**What you are asked to do:** Print, in exact form, the lines below from the one containing "NQEUEPN 10pcs Paper" through the one containing "Solgar No-Flush Niacin", and omit all others.

Scraped caption text data:
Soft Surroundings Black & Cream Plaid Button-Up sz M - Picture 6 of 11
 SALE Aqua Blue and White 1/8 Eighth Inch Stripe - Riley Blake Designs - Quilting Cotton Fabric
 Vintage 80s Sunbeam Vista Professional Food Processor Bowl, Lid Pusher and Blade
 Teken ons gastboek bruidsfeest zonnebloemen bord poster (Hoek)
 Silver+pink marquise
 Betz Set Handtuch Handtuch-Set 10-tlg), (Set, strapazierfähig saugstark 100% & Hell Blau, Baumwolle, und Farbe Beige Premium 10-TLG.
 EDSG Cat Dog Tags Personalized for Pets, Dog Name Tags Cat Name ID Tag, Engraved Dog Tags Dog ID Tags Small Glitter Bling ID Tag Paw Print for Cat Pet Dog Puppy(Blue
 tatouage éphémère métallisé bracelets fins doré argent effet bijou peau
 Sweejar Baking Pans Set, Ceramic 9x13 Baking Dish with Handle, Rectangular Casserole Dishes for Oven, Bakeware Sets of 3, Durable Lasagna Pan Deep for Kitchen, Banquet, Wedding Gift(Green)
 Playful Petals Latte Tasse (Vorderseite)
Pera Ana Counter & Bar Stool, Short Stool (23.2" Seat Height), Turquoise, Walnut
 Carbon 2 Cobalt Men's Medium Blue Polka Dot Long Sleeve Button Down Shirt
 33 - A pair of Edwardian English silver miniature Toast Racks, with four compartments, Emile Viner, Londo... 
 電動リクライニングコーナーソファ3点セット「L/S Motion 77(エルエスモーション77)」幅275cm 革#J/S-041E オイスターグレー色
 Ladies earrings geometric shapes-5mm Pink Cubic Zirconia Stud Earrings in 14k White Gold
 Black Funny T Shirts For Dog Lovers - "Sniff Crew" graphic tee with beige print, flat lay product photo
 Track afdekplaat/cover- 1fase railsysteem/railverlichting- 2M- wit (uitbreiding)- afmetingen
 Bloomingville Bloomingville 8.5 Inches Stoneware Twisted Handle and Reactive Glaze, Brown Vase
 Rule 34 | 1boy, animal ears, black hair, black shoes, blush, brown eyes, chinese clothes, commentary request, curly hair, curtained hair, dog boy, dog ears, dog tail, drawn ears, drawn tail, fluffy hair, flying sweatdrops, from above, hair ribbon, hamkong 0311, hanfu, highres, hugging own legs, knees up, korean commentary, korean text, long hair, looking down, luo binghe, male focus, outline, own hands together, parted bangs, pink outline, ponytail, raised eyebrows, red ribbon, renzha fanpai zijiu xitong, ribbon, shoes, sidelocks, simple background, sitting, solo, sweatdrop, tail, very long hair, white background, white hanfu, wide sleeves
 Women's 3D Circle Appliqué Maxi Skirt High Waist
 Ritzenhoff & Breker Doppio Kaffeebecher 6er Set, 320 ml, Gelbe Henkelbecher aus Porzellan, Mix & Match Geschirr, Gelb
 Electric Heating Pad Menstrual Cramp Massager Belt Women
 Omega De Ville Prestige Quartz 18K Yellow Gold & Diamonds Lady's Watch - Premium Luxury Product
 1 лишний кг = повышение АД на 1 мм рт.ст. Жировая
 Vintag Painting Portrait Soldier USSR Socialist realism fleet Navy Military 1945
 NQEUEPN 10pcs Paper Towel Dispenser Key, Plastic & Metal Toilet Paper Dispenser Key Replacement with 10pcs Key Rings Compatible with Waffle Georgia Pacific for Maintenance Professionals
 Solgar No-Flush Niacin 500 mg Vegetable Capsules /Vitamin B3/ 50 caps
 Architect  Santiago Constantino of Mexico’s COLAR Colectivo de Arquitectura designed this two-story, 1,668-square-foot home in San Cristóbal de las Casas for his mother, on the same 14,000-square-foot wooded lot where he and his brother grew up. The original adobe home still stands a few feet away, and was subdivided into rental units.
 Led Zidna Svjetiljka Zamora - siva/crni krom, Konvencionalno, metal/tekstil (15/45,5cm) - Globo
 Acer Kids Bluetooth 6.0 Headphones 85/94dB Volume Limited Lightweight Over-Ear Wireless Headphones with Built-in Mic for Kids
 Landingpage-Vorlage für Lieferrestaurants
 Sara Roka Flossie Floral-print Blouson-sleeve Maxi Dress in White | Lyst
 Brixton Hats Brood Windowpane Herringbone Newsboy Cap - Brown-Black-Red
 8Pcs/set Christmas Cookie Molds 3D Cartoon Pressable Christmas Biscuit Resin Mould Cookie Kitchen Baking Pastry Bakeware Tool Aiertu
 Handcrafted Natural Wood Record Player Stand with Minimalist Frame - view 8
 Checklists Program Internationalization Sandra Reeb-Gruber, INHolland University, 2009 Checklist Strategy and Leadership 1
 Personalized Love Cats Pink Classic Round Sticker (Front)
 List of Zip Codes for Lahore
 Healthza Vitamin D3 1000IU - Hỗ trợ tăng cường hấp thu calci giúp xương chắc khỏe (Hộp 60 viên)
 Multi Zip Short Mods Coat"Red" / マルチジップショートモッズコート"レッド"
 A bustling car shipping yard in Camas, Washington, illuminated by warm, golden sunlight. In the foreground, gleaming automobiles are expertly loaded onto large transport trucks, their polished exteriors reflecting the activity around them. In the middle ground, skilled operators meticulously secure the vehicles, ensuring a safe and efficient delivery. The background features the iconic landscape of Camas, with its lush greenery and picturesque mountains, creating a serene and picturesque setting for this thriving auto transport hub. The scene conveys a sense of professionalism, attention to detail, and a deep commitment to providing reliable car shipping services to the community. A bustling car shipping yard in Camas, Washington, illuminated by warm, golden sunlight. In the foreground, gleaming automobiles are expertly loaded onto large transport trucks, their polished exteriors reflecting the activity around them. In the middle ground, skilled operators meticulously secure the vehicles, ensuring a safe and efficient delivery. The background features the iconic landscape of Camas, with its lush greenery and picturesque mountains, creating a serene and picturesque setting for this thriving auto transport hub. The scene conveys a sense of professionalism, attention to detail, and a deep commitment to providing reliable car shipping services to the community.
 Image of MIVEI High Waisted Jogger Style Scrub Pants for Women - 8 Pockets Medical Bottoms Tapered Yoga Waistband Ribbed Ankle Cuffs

**Answer section:**
 NQEUEPN 10pcs Paper Towel Dispenser Key, Plastic & Metal Toilet Paper Dispenser Key Replacement with 10pcs Key Rings Compatible with Waffle Georgia Pacific for Maintenance Professionals
 Solgar No-Flush Niacin 500 mg Vegetable Capsules /Vitamin B3/ 50 caps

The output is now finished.